Into Grismer's pale face a slow colour came and spread.
"That's worth living for," he said.
"What?"
"I said that I'm glad I have lived to hear you speak that way of anything I have done," said Grismer with a smile.
"I don't understand why you should care about my opinion," returned Cleland, turning an amused and questioning gaze on the sculptor. "I'm no critic, you know."
"I know," nodded Grismer, with his odd smile. "But your approval means more than any critic has to offer me… There's an arm-chair over there, if you care to be seated."
Cleland took his glass of iced orange juice with him. Grismer set his on the floor and dropped onto the ragged couch.
"Anybody can point it up now," he said. "It ought to be cast in silver-grey bronze, not burnished – a trifle over life-size."

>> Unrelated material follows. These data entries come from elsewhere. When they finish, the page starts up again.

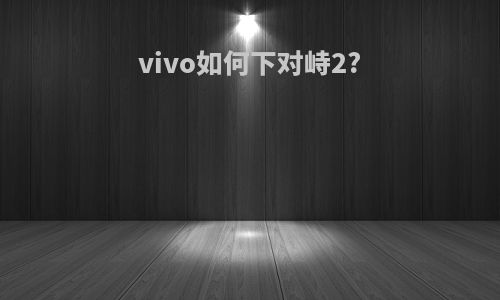 vivo如何下对峙2?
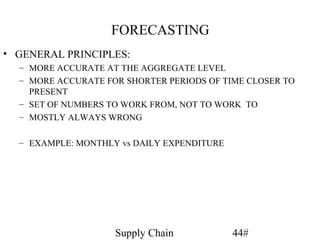 FORECASTING
• GENERAL PRINCIPLES:
  – MORE ACCURATE AT THE AGGREGATE LEVEL
  – MORE ACCURATE FOR SHORTER PERIODS OF TIME CLOSER TO
    PRESENT
  – SET OF NUMBERS TO WORK FROM, NOT TO WORK TO
  – MOSTLY ALWAYS WRONG

  – EXAMPLE: MONTHLY vs DAILY EXPENDITURE




                    Supply Chain            44#
 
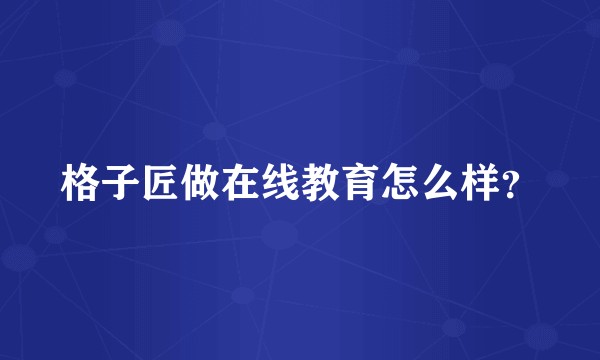 格子匠做在线教育怎么样？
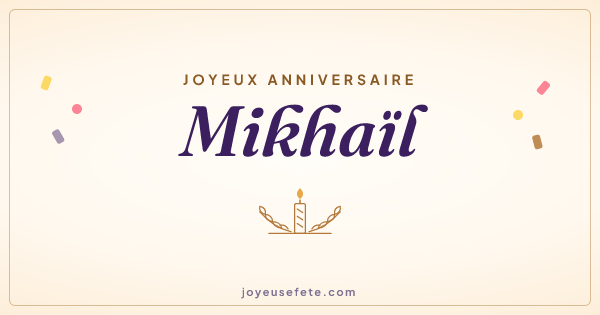 Image « Joyeux anniversaire Mikhaïl » au format large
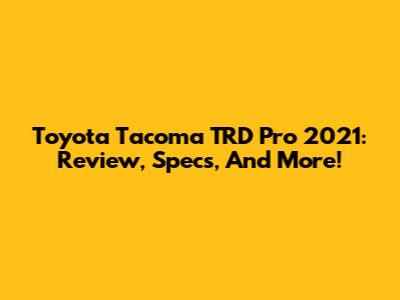Toyota Tacoma TRD Pro 2021: Review, Specs, And More!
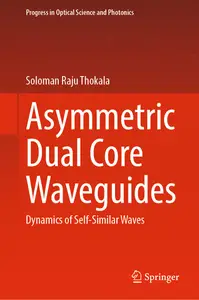 Asymmetric Dual Core Waveguides: Dynamics of Self-Similar Waves (Progress in Optical Science and Photonics, 22)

"You must have worked like the devil to have finished this in such a brief period."
"Oh, I work that way – when I do work… I've been anxious – worried over what you might think… I'm satisfied now."
He filled and lighted his pipe, leaned back clasping his well-made arms behind his head.

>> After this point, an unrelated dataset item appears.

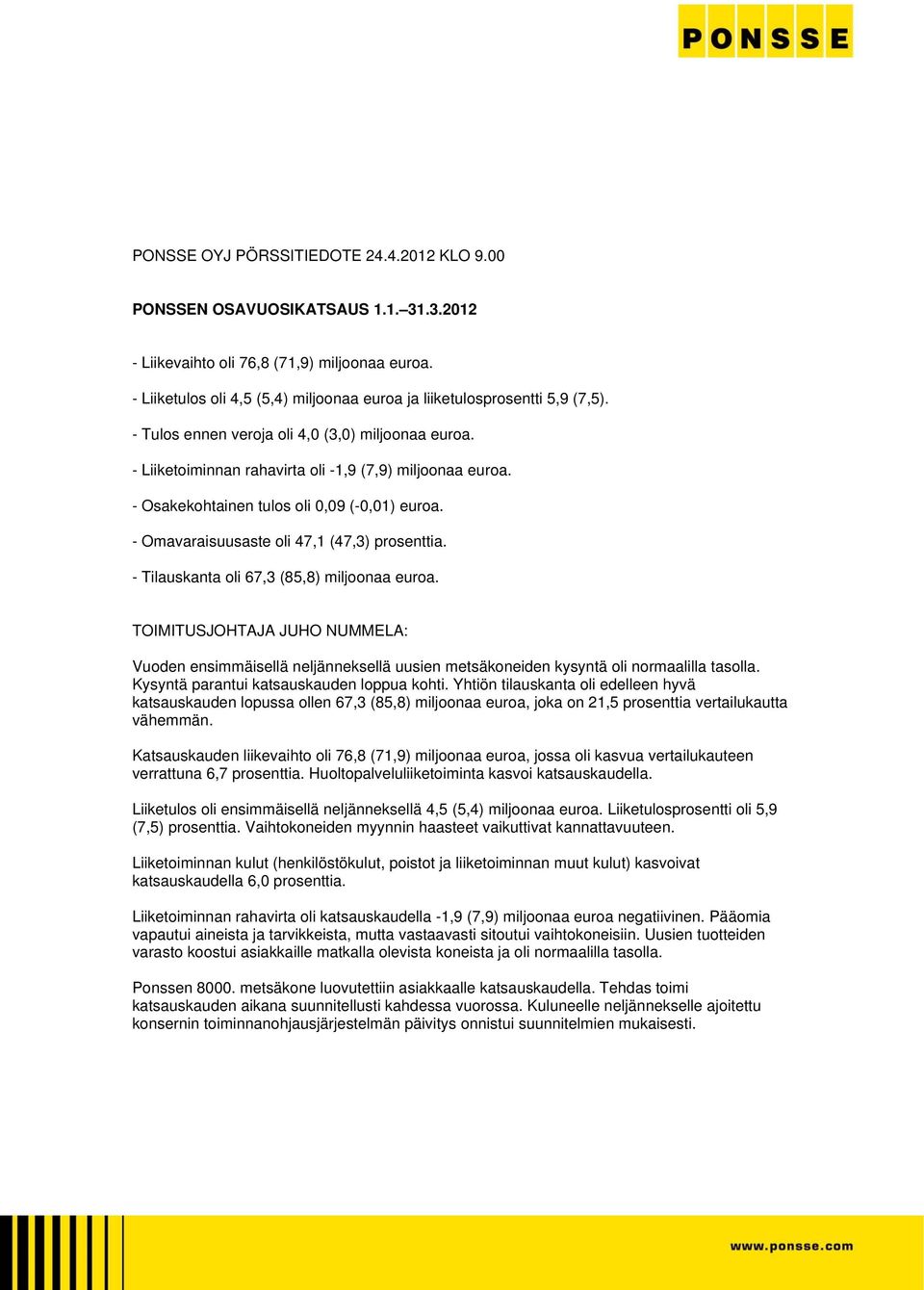 - Osakekohtainen tulos oli 0,09 (-0,01) euroa. - Omavaraisuusaste oli 47,1 (47,3) prosenttia. - Tilauskanta oli 67,3 (85,8) miljoonaa euroa.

"Cleland," he said, "it's a strange sensation to feel power within one's self – be conscious of it, certain of it, and deliberately choose not to use it… And the very liberty of choice is an added power."
Cleland looked up, perplexed. Grismer smiled, and his smile seemed singularly care-free and tranquil:
"Just think," he said, "what the gods could have done if they had taken the trouble to bestir themselves! What they did do makes volumes of mythology: what they refrained from doing would continue in the telling through all eternity. What they did betrayed their power," he added, with a whimsical gesture toward his fountain; "but what they refrained from doing interests me, Cleland – fascinates me, arouses my curiosity, my respect, my awe, and my gratitude that they were godlike enough to disdain display – that they were decent enough to leave to the world material to feed its imagination."
Cleland smiled sombrely at Grismer's whimsical humour, but his features settled again into grave, care-worn lines, and his absent gaze rested on nothing. And Grismer's golden eyes studied him.
"It must be pleasant out there in the country," he said casually.
"It's cool. You must go there, Grismer. This place is unendurable. Do go up while Phil Grayson is there."
"Is there anybody else?"
"Helen – and Stephanie," he said, using her name with an effort. "The Belters were there for a week. No doubt Stephanie will ask other people during the summer."